Top of Extracted data

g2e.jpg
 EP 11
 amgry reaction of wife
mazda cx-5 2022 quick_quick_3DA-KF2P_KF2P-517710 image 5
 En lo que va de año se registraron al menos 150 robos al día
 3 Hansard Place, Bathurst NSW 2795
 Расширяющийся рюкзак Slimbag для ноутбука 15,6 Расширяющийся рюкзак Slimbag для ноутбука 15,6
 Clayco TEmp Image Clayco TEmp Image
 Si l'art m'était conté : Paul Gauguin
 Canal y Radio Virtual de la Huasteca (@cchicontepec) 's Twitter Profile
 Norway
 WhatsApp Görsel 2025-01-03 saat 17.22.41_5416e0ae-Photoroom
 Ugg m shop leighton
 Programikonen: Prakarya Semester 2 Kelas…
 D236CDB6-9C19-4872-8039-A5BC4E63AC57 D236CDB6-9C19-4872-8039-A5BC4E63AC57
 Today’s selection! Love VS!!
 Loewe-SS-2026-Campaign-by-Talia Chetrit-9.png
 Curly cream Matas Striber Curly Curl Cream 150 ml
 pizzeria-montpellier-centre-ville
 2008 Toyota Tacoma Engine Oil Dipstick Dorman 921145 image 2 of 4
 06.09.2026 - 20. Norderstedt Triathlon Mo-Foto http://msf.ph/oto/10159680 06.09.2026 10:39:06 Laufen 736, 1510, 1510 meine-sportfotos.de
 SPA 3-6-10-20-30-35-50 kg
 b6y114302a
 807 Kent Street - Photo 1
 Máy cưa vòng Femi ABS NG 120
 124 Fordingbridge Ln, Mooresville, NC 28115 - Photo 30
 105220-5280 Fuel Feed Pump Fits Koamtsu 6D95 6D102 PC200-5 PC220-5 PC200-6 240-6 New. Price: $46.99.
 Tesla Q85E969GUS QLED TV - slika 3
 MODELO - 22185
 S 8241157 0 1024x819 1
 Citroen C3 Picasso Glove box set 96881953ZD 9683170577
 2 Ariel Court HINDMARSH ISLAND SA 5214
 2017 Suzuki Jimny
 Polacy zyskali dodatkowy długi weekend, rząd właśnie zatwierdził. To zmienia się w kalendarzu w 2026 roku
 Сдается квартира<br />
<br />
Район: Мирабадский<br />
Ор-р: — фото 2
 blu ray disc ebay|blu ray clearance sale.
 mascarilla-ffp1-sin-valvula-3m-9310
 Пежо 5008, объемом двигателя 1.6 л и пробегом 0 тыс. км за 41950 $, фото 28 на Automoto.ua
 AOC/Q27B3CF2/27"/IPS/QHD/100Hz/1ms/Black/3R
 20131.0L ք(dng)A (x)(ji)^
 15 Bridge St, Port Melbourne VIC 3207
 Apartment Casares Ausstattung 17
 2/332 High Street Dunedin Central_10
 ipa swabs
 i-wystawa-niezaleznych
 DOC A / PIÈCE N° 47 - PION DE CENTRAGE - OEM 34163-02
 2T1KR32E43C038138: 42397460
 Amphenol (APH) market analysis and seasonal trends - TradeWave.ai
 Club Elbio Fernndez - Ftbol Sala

Bottom of Extracted data

* **What the exercise asks**
Your task is to repeat the data exactly, with nothing left out.

* **Reply to the exercise**
g2e.jpg
 EP 11
 amgry reaction of wife
mazda cx-5 2022 quick_quick_3DA-KF2P_KF2P-517710 image 5
 En lo que va de año se registraron al menos 150 robos al día
 3 Hansard Place, Bathurst NSW 2795
 Расширяющийся рюкзак Slimbag для ноутбука 15,6 Расширяющийся рюкзак Slimbag для ноутбука 15,6
 Clayco TEmp Image Clayco TEmp Image
 Si l'art m'était conté : Paul Gauguin
 Canal y Radio Virtual de la Huasteca (@cchicontepec) 's Twitter Profile
 Norway
 WhatsApp Görsel 2025-01-03 saat 17.22.41_5416e0ae-Photoroom
 Ugg m shop leighton
 Programikonen: Prakarya Semester 2 Kelas…
 D236CDB6-9C19-4872-8039-A5BC4E63AC57 D236CDB6-9C19-4872-8039-A5BC4E63AC57
 Today’s selection! Love VS!!
 Loewe-SS-2026-Campaign-by-Talia Chetrit-9.png
 Curly cream Matas Striber Curly Curl Cream 150 ml
 pizzeria-montpellier-centre-ville
 2008 Toyota Tacoma Engine Oil Dipstick Dorman 921145 image 2 of 4
 06.09.2026 - 20. Norderstedt Triathlon Mo-Foto http://msf.ph/oto/10159680 06.09.2026 10:39:06 Laufen 736, 1510, 1510 meine-sportfotos.de
 SPA 3-6-10-20-30-35-50 kg
 b6y114302a
 807 Kent Street - Photo 1
 Máy cưa vòng Femi ABS NG 120
 124 Fordingbridge Ln, Mooresville, NC 28115 - Photo 30
 105220-5280 Fuel Feed Pump Fits Koamtsu 6D95 6D102 PC200-5 PC220-5 PC200-6 240-6 New. Price: $46.99.
 Tesla Q85E969GUS QLED TV - slika 3
 MODELO - 22185
 S 8241157 0 1024x819 1
 Citroen C3 Picasso Glove box set 96881953ZD 9683170577
 2 Ariel Court HINDMARSH ISLAND SA 5214
 2017 Suzuki Jimny
 Polacy zyskali dodatkowy długi weekend, rząd właśnie zatwierdził. To zmienia się w kalendarzu w 2026 roku
 Сдается квартира<br />
<br />
Район: Мирабадский<br />
Ор-р: — фото 2
 blu ray disc ebay|blu ray clearance sale.
 mascarilla-ffp1-sin-valvula-3m-9310
 Пежо 5008, объемом двигателя 1.6 л и пробегом 0 тыс. км за 41950 $, фото 28 на Automoto.ua
 AOC/Q27B3CF2/27"/IPS/QHD/100Hz/1ms/Black/3R
 20131.0L ք(dng)A (x)(ji)^
 15 Bridge St, Port Melbourne VIC 3207
 Apartment Casares Ausstattung 17
 2/332 High Street Dunedin Central_10
 ipa swabs
 i-wystawa-niezaleznych
 DOC A / PIÈCE N° 47 - PION DE CENTRAGE - OEM 34163-02
 2T1KR32E43C038138: 42397460
 Amphenol (APH) market analysis and seasonal trends - TradeWave.ai
 Club Elbio Fernndez - Ftbol Sala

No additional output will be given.